*** Records shown Section Begins ***

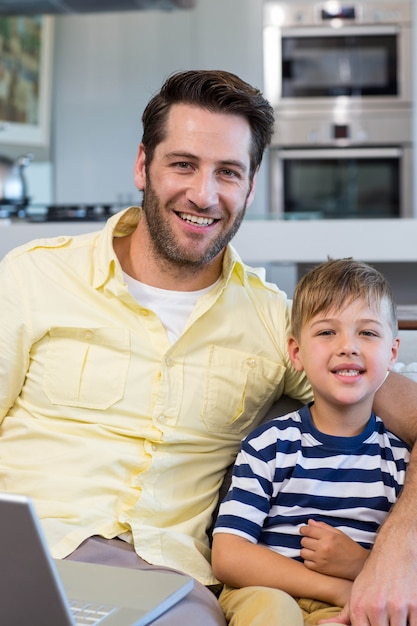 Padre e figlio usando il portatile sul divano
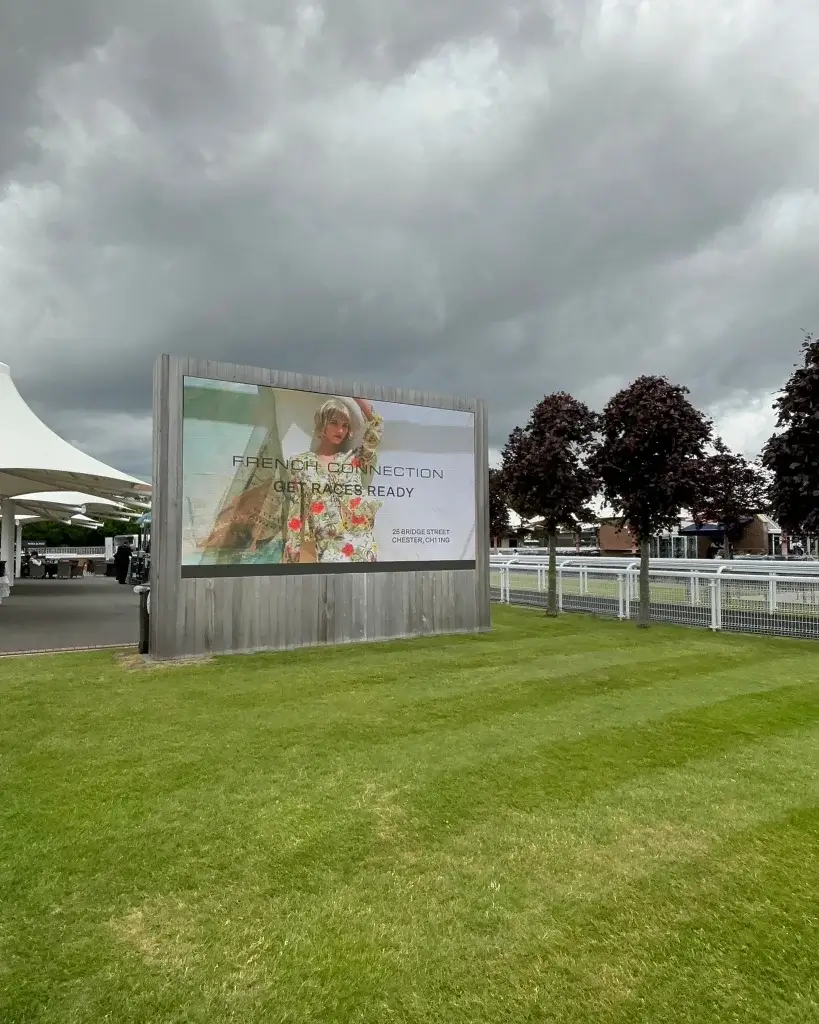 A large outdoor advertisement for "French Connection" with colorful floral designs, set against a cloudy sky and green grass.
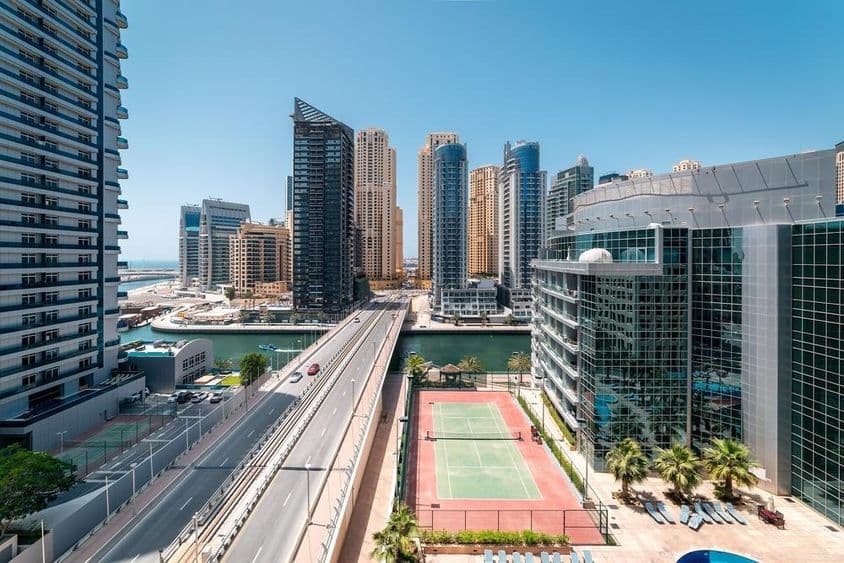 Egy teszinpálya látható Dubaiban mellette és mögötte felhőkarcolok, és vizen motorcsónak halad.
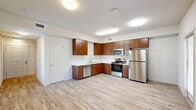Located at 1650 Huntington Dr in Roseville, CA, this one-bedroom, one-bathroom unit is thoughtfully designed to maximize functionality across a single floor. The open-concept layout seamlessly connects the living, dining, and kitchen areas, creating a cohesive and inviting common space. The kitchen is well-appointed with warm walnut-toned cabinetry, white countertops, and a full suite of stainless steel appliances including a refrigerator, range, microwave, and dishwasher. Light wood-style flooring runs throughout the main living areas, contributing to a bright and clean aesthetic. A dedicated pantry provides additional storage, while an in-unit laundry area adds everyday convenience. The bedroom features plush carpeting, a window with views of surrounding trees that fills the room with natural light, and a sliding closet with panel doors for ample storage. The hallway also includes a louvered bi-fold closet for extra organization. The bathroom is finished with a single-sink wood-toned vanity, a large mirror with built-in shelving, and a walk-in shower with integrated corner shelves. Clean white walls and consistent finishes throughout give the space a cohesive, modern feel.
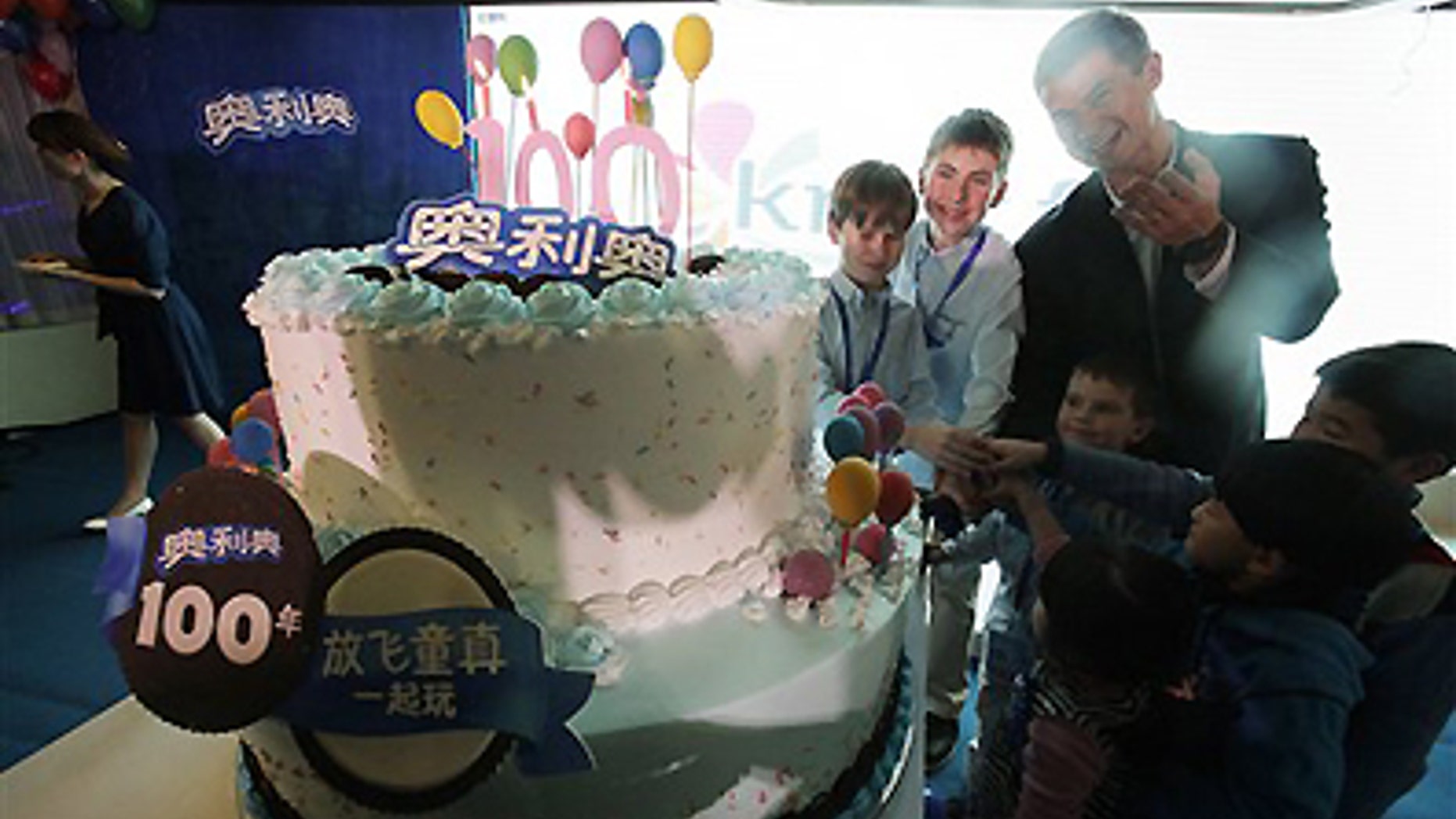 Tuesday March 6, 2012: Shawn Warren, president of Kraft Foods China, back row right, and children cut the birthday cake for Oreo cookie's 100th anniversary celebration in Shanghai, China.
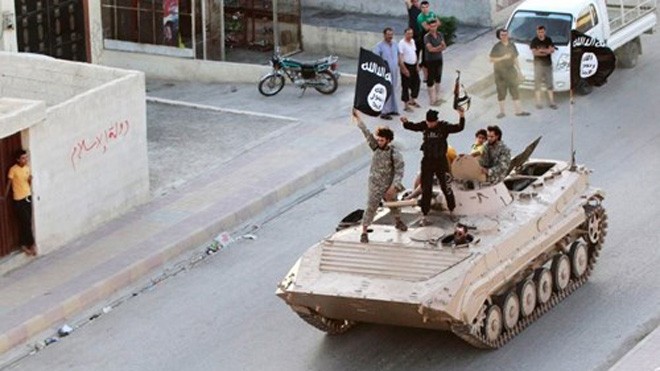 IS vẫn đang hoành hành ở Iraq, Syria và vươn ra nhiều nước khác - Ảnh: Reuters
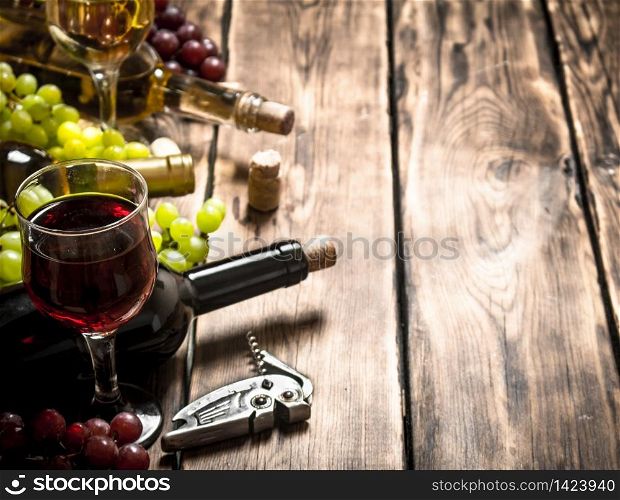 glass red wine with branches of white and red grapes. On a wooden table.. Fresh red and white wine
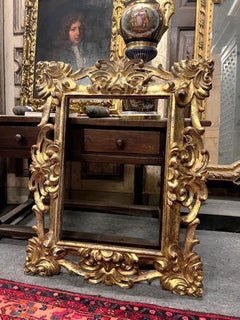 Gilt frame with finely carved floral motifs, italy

*** Records shown Section Ends ***

With pictures excluded, restate word for word the lines from the one that contains "Tuesday March 6, 2012: Shawn" through the end of the material, inclusive, and nothing more.

 Tuesday March 6, 2012: Shawn Warren, president of Kraft Foods China, back row right, and children cut the birthday cake for Oreo cookie's 100th anniversary celebration in Shanghai, China.
 IS vẫn đang hoành hành ở Iraq, Syria và vươn ra nhiều nước khác - Ảnh: Reuters
 glass red wine with branches of white and red grapes. On a wooden table.. Fresh red and white wine
 Gilt frame with finely carved floral motifs, italy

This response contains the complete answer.